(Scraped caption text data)
===

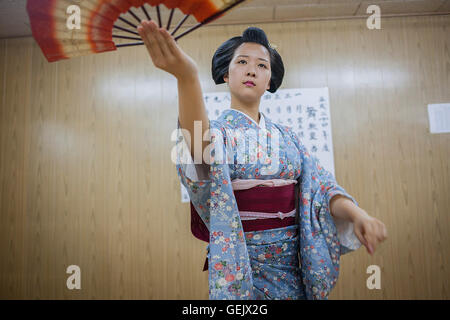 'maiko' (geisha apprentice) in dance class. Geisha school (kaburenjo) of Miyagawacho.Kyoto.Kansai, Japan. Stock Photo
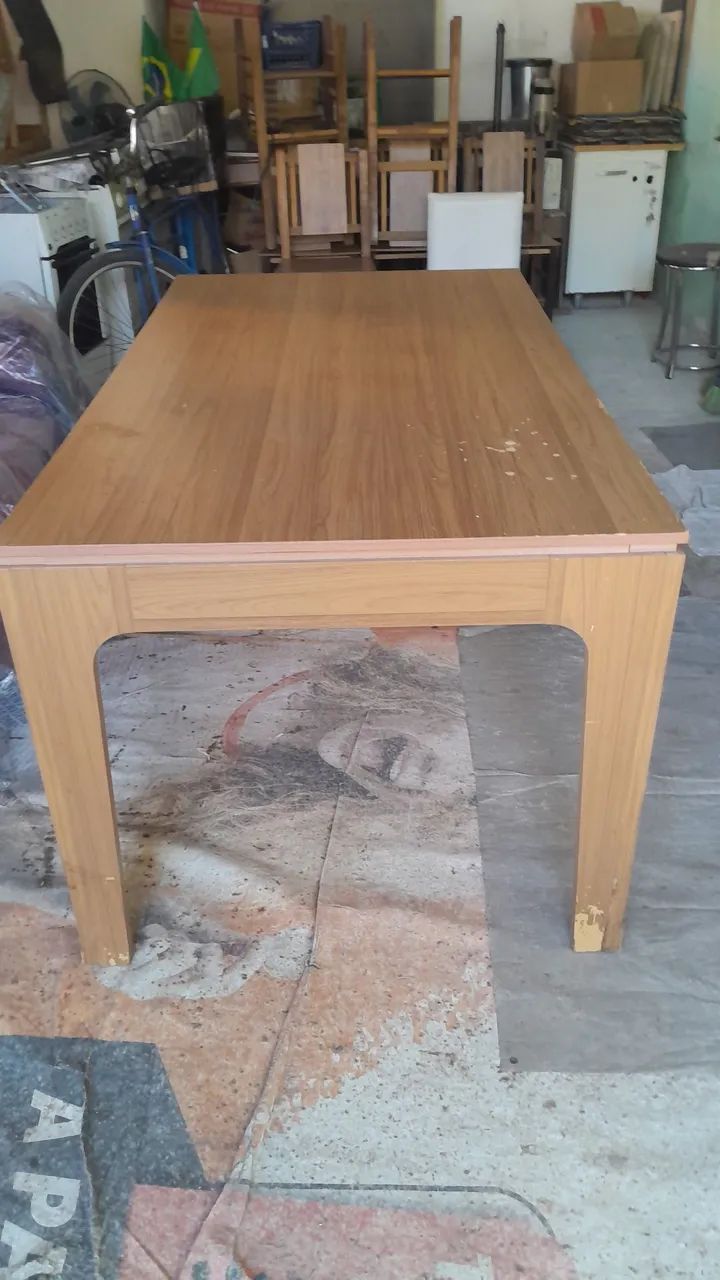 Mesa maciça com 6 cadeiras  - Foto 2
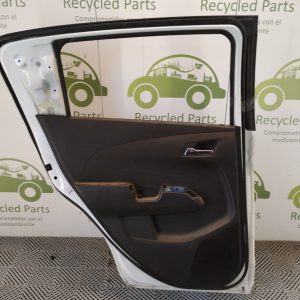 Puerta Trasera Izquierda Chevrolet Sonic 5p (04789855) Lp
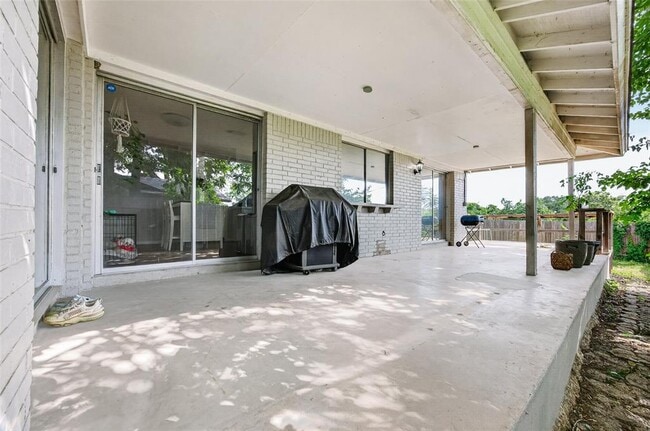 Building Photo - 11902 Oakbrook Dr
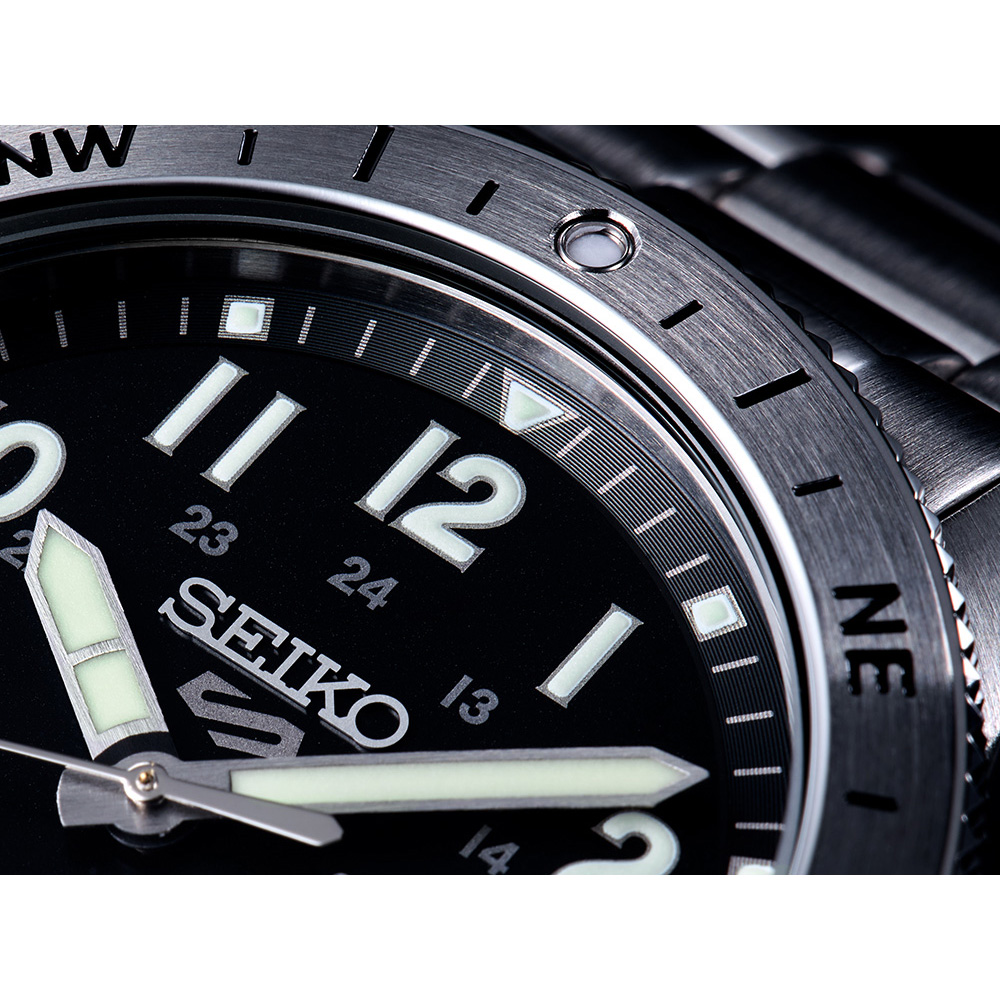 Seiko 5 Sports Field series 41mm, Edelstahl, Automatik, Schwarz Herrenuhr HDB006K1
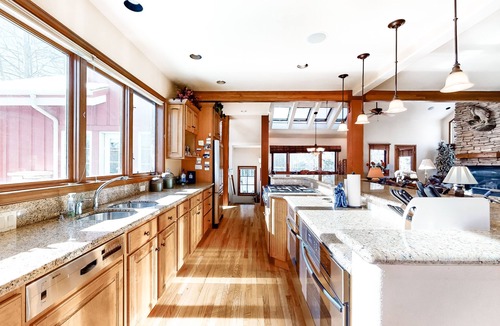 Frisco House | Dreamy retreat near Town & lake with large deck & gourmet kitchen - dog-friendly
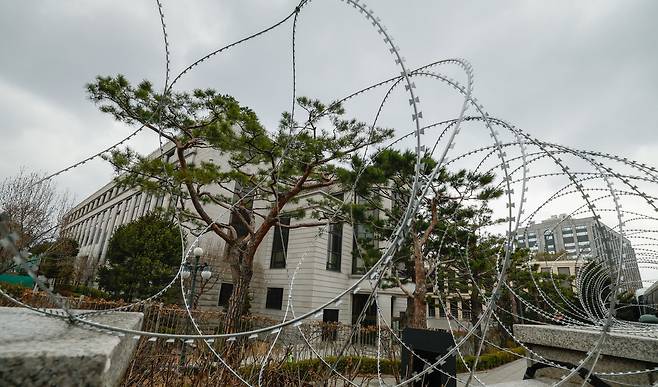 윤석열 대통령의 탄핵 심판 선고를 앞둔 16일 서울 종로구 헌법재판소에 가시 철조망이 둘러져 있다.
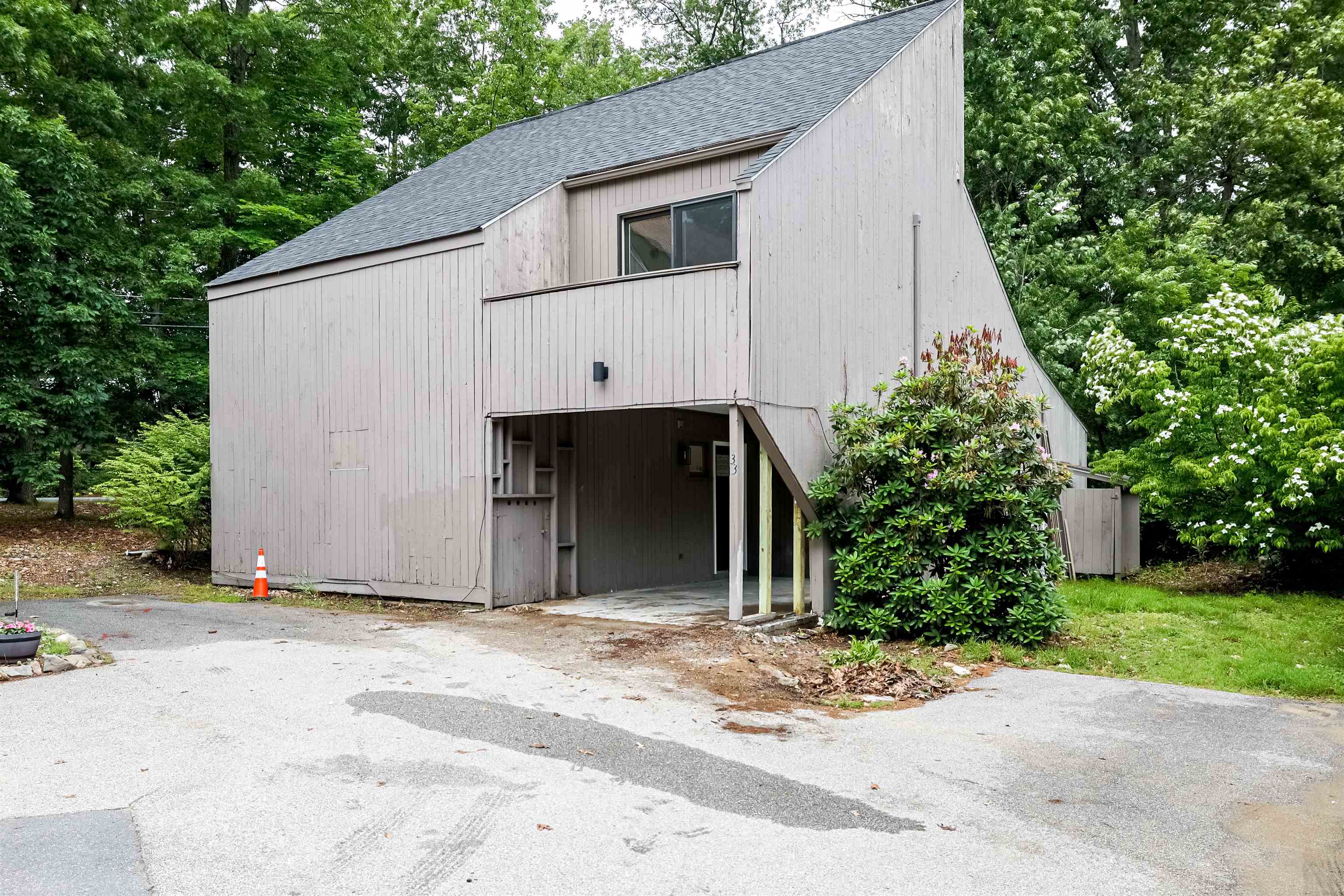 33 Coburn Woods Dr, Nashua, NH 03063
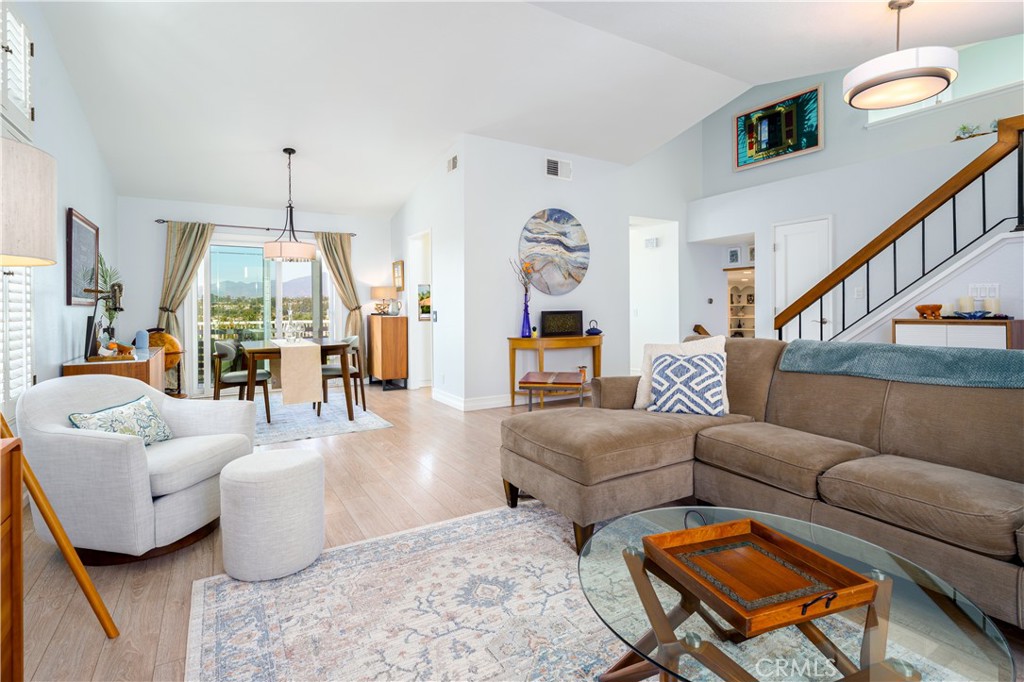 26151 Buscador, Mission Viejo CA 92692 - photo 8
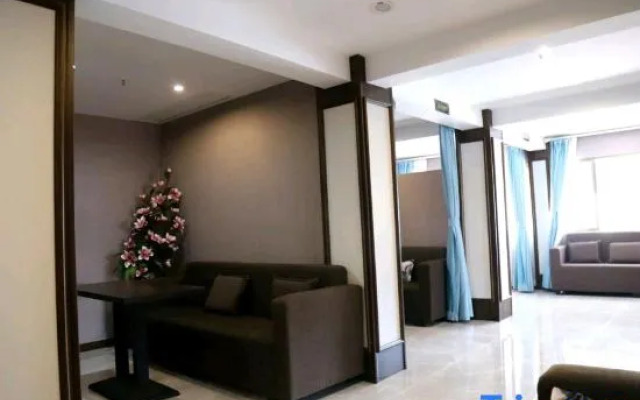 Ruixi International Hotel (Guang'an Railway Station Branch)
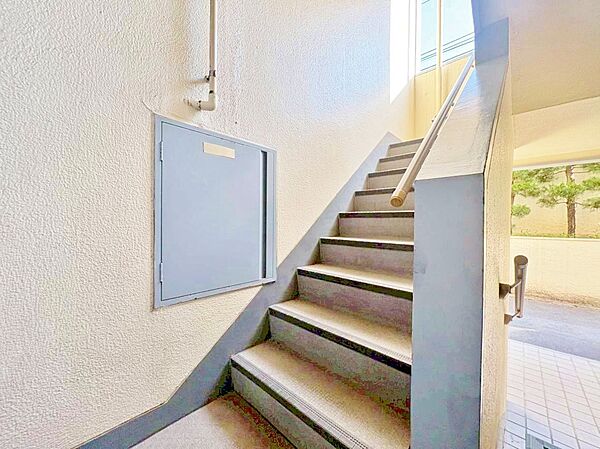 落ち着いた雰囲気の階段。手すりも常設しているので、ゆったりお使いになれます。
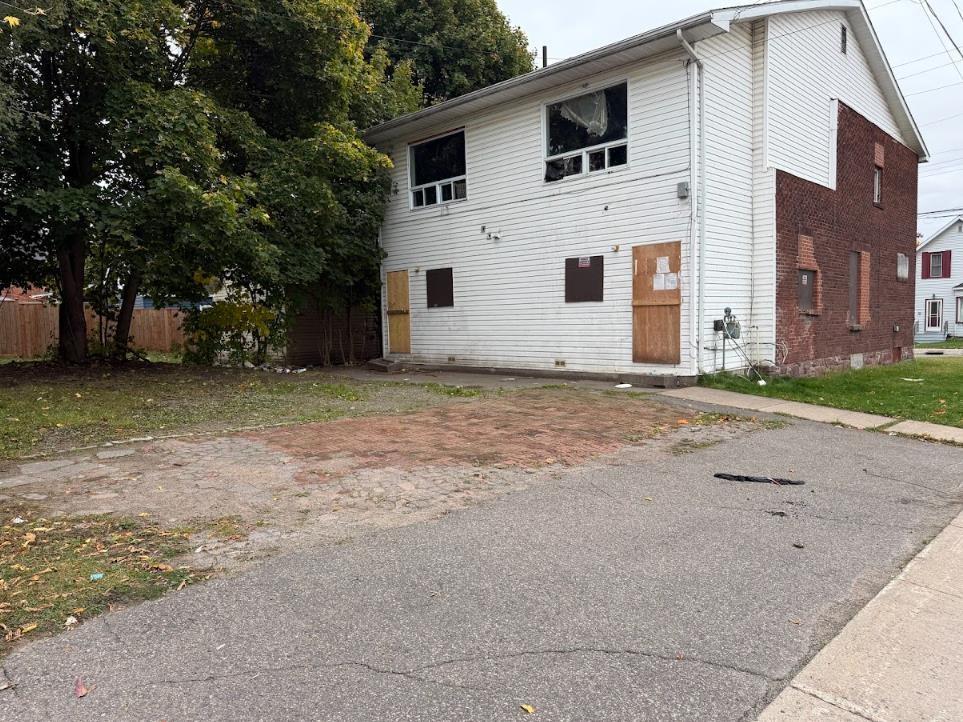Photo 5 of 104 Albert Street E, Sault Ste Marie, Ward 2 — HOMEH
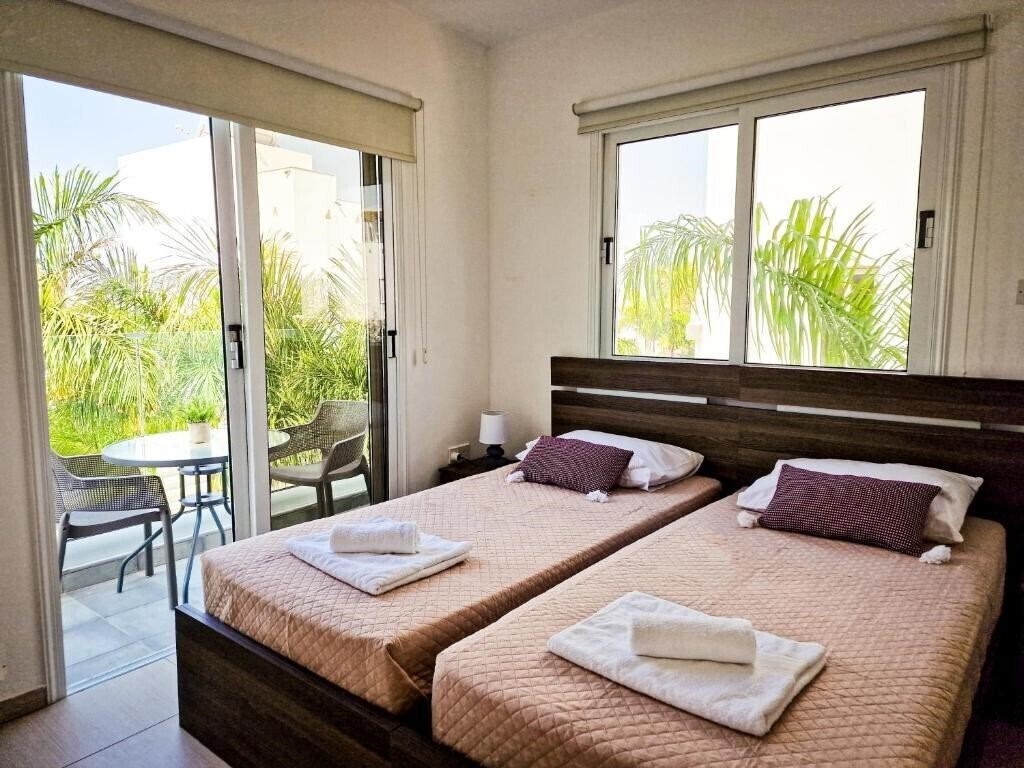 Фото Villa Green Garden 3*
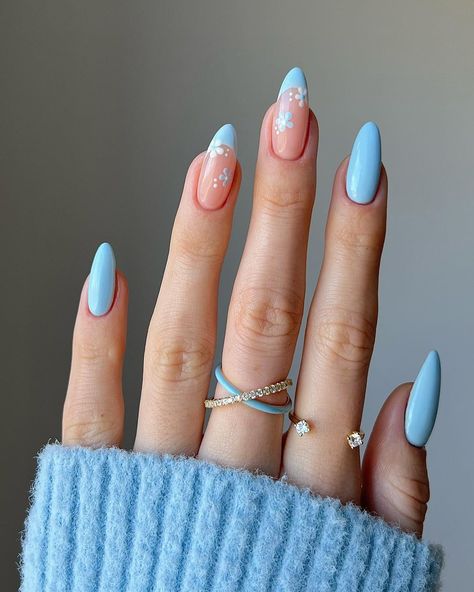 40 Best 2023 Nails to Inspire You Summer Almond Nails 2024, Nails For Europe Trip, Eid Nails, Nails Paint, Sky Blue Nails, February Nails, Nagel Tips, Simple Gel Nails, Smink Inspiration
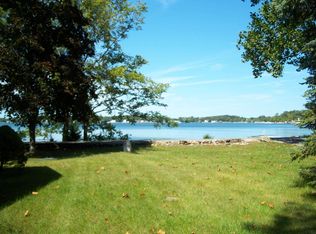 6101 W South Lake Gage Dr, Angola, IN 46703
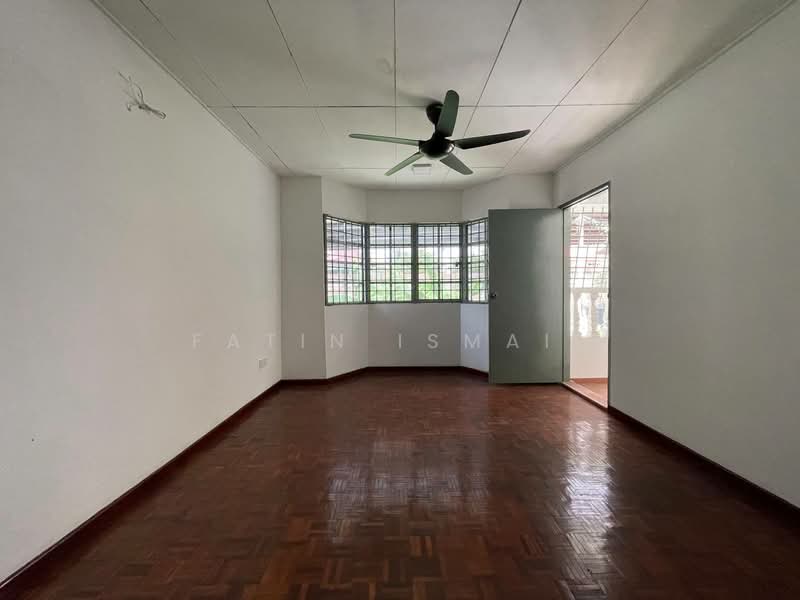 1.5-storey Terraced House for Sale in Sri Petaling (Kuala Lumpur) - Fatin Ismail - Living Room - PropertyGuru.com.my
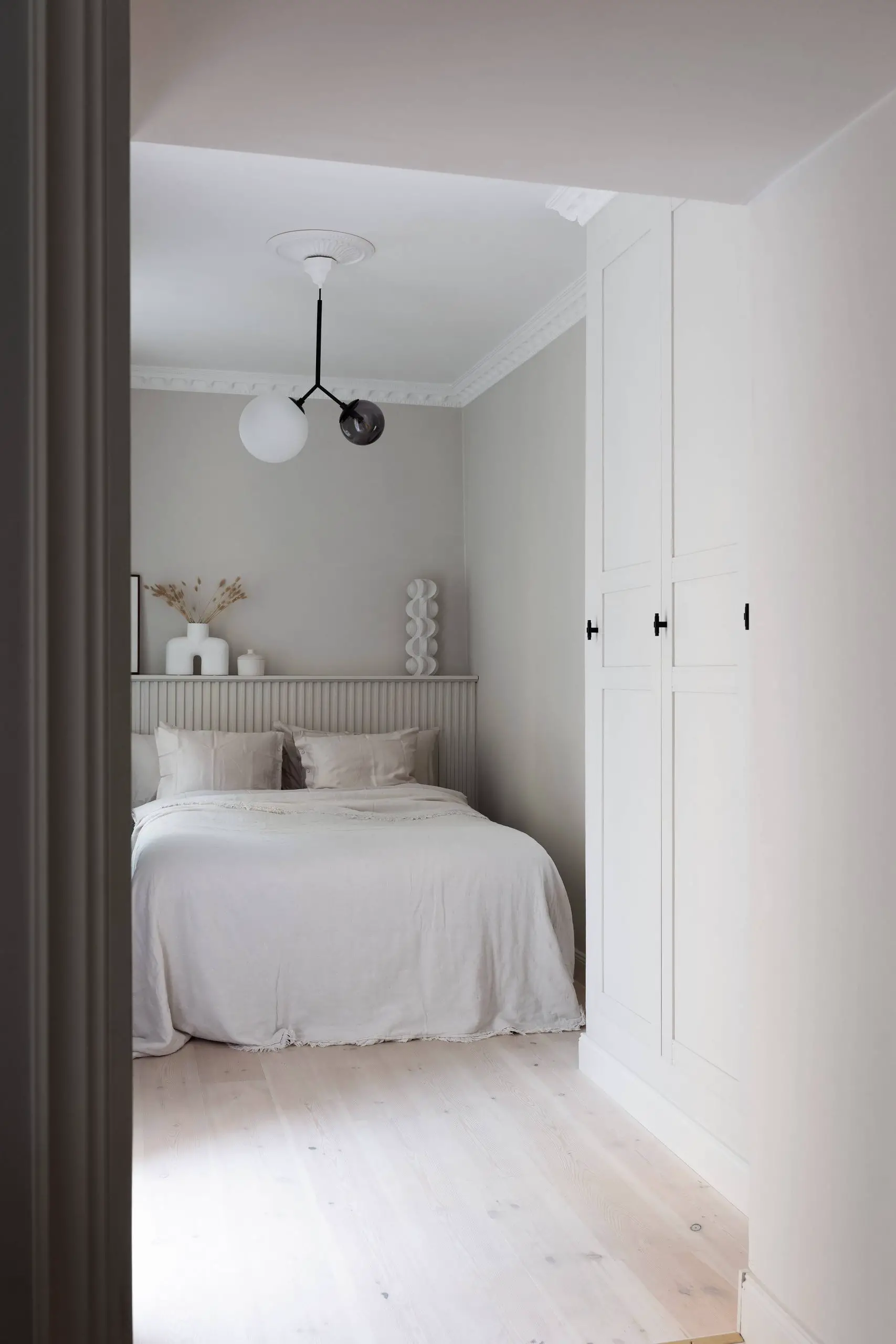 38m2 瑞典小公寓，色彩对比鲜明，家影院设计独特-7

===

Exercise description:
The reply should hold exactly the lines above, starting at the line with "Puerta Trasera Izquierda" and ending at the line with "Фото Villa Green Garden 3*", and no pictures.

Task output:
 Puerta Trasera Izquierda Chevrolet Sonic 5p (04789855) Lp
 Building Photo - 11902 Oakbrook Dr
 Seiko 5 Sports Field series 41mm, Edelstahl, Automatik, Schwarz Herrenuhr HDB006K1
 Frisco House | Dreamy retreat near Town & lake with large deck & gourmet kitchen - dog-friendly
 윤석열 대통령의 탄핵 심판 선고를 앞둔 16일 서울 종로구 헌법재판소에 가시 철조망이 둘러져 있다.
 33 Coburn Woods Dr, Nashua, NH 03063
 26151 Buscador, Mission Viejo CA 92692 - photo 8
 Ruixi International Hotel (Guang'an Railway Station Branch)
 落ち着いた雰囲気の階段。手すりも常設しているので、ゆったりお使いになれます。
Photo 5 of 104 Albert Street E, Sault Ste Marie, Ward 2 — HOMEH
 Фото Villa Green Garden 3*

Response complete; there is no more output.